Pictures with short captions
○ ○ ○ ○ ○

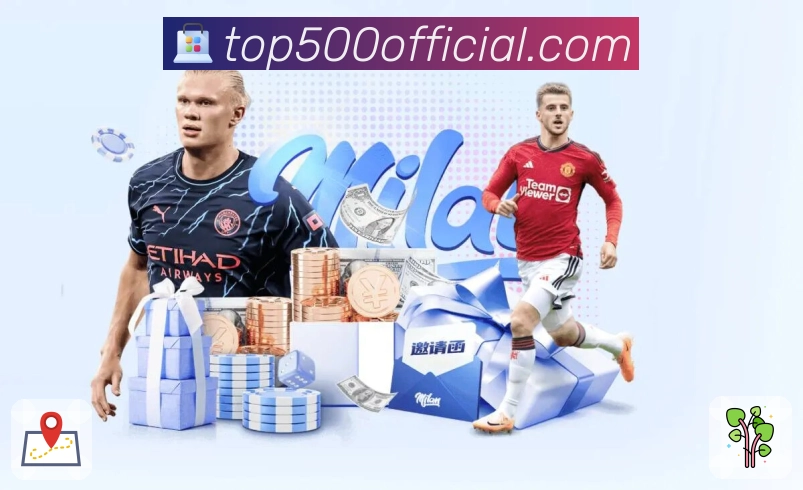 荣耀定义品牌影响力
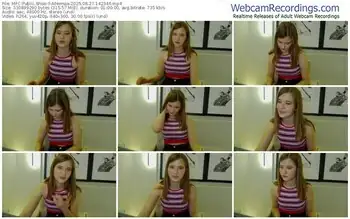 myfreecams-aileenaa-06-27-2025-14-23-46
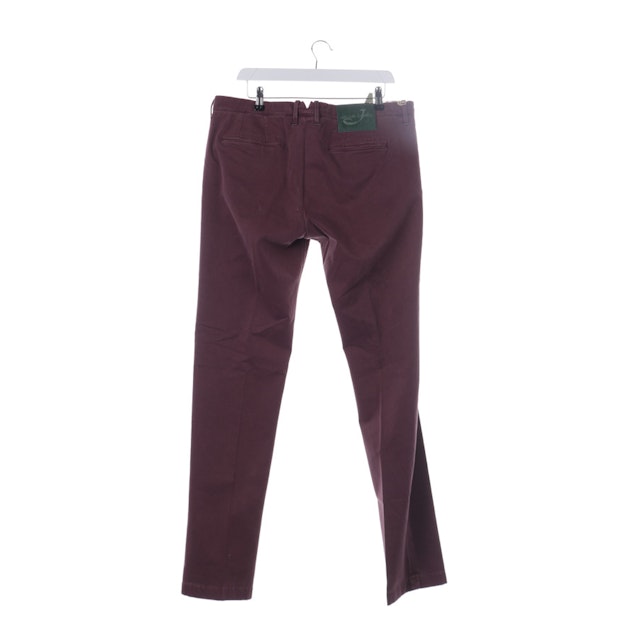 Trousers in W36 | Vite EnVogue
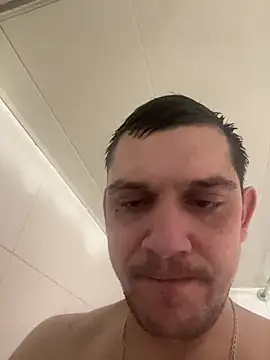 Mark1404 Webcam show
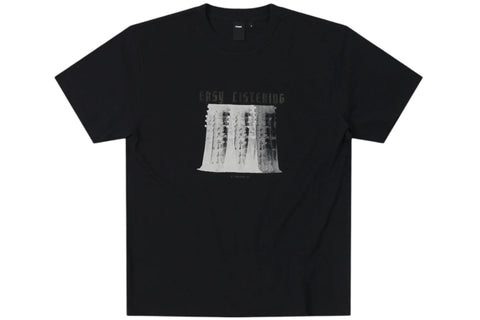 Nike SB Logo Tee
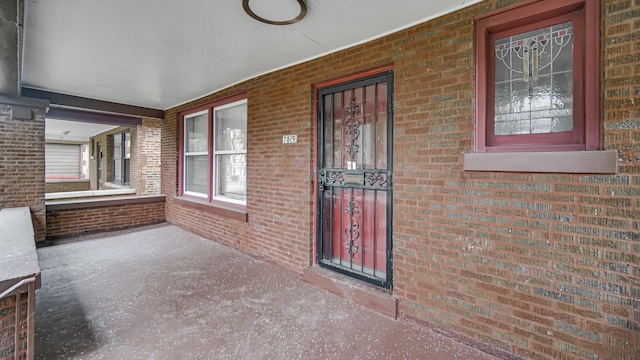 7819 S Colfax Ave, Chicago, IL 60649 - photo 3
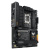 Материнская плата Asus TUF GAMING B760-PLUS WIFI (90MB1ER0-M1EAY0) Материнская плата Asus TUF GAMING B760-PLUS WIFI (90MB1ER0-M1EAY0)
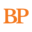 bookprint.co.nz favicon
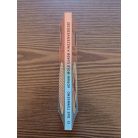  Sue Townsend: Adrian Mole újabb kínszenvedései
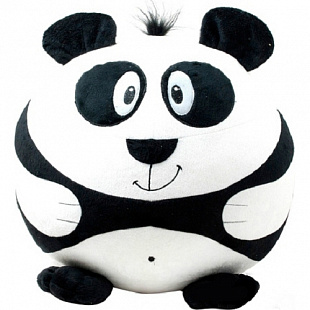 Мягкая игрушка Fancy Круглик Мишка KGM1V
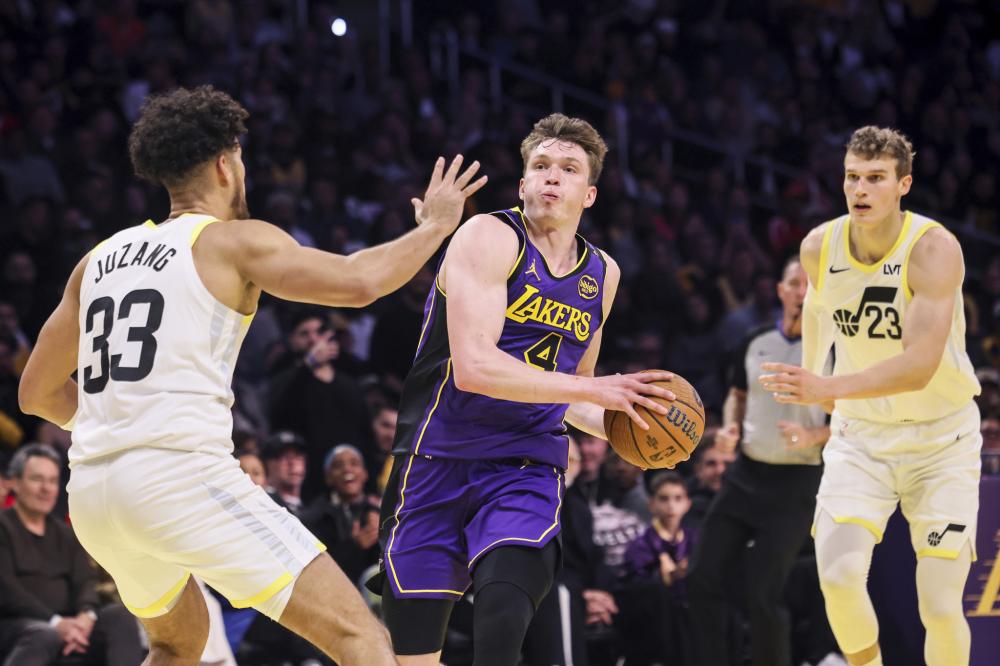 巩固自身在 巩固自身在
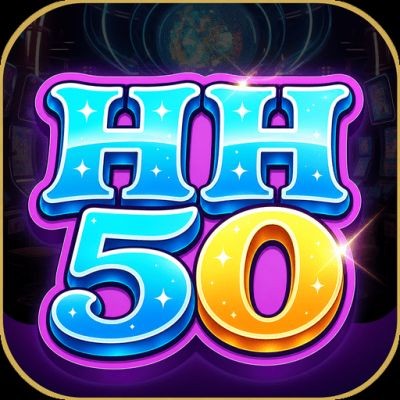 hh502g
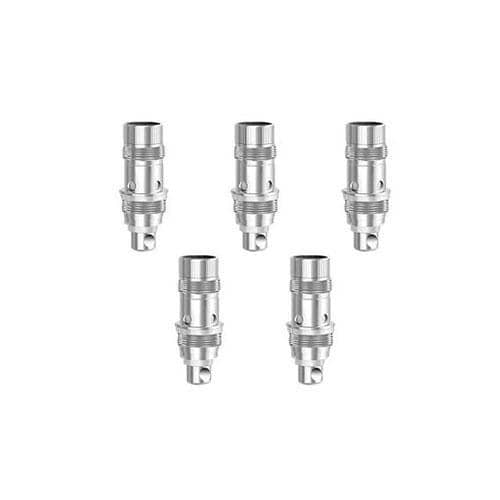 Aspire Nautilus 2s Coils (5 pack) - Online Vape Shop Canada - Quebec and BC Shipping Available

○ ○ ○ ○ ○

* _Your task_: Please set down only the lines from the one containing "bookprint.co.nz favicon" through the end of the entries, exactly as they stand, both ends included and with no pictures.

* _Task output_:
 bookprint.co.nz favicon
  Sue Townsend: Adrian Mole újabb kínszenvedései
 Мягкая игрушка Fancy Круглик Мишка KGM1V
 巩固自身在 巩固自身在
 hh502g
 Aspire Nautilus 2s Coils (5 pack) - Online Vape Shop Canada - Quebec and BC Shipping Available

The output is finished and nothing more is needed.